Metaprojeto
Esse seminário organizado pelo PPDESDI ja assinala diversas mudancas que qualificam o mestrado, a comecar pela infra-estrutura: a palestra ocorreu nas dependencias da posgraduacao, numa sala com projetor de teto, e-board (quadro eletronico) e registro audiovisual (video digital).
O palestrante, Dijon De Moraes (PhD em 2003, Milao, Italia) trouxe um tema novo, o Metaprojeto (MP) – ou design do design como ele mesmo prefere chamar – o que remete a duas outras palestras: uma de mestre Saboya, de 2007, sobre metodologias de segunda geração e outra, de Metaconhecimento, do colega de mestrado Ricardo Cunha.
Dijon cita Umberto Ecco que fala da atual incapacidade do designer e se comunicar, com exemplos simples como o controle remoto, elevador ou uma torneira. Quem ja nao ficou indeciso sobre a complexidade de uso destes artefatos “modernos”? Pegando carona nesse fato, Dijon discorre sobre as metodologias tradicionais, lineares e previsiveis, e a metodologia atual, transversal e imprevisivel da nossa sociedade atual no que ele define como “segunda modernidade”.
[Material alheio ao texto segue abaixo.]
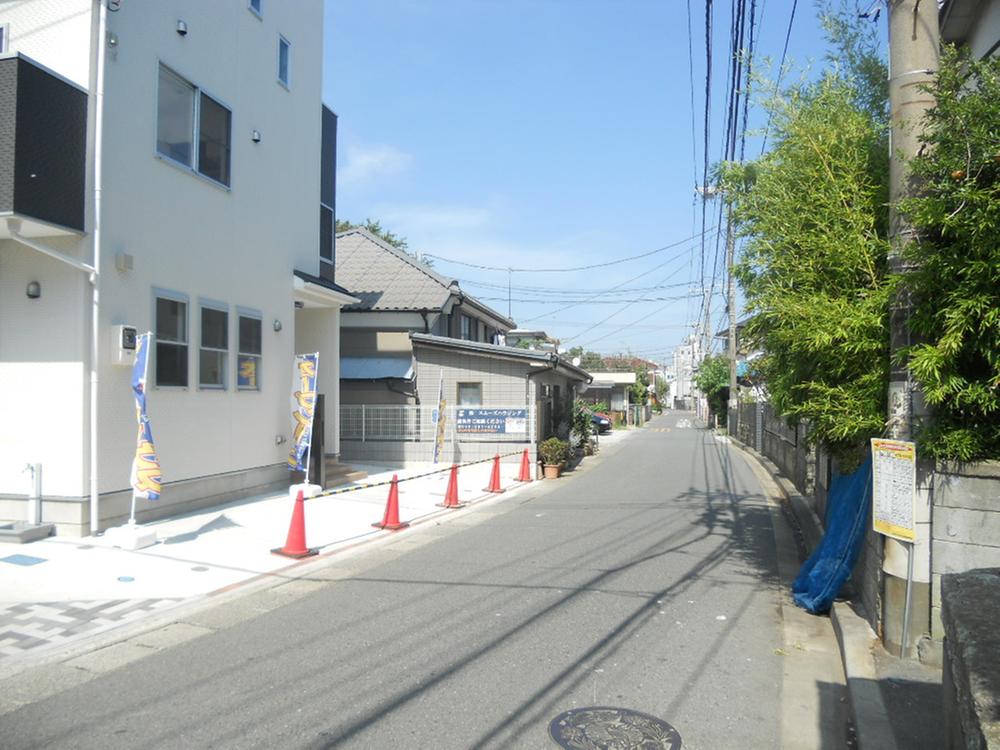 Local appearance photo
O MP seria uma disciplina que surge com as mudancas sociais da decada de 1990, com a globalizacao do conhecimento. Ele explora possibilidades, cria cenarios, mas nao da “receitas de bolo” pois seu objetivo e levar a uma reflexao do projeto antes de seu inicio, criando uma cultura projetual. Por exemplo, ao ser contratado para fazer uma embalagem de produto, o MP coloca como questao “e necessario fazer uma embalagem para esse produto? O produto em si ja nao pode ser embalagem dele mesmo?” Dijon ilustra seu ponto de vista atraves de exemplos como a nocao de custo x preco. Ate os anos 90 o preco era o custo multiplicado por 2 ou 3. Hoje o preco e definido pela qualidade percebida, valor de estima e confiabilidade da marca. Como a tecnologia é uma questao superada hoje (vide o exemplo da China que domina a tecnologia e produz a custos baixos), projetar hoje e projetar o subjetivo.
Outra ilustracao interessante foi a mentalidade do empresariado brasileiro e estrangeiro. Na Italia um produto que nao vem assinado pelo designer e visto como copiado ou sem conceito. No Brasil o designer que deseja assinar o produto e visto como oportunista, que quer fazer marketing as custas da empresa.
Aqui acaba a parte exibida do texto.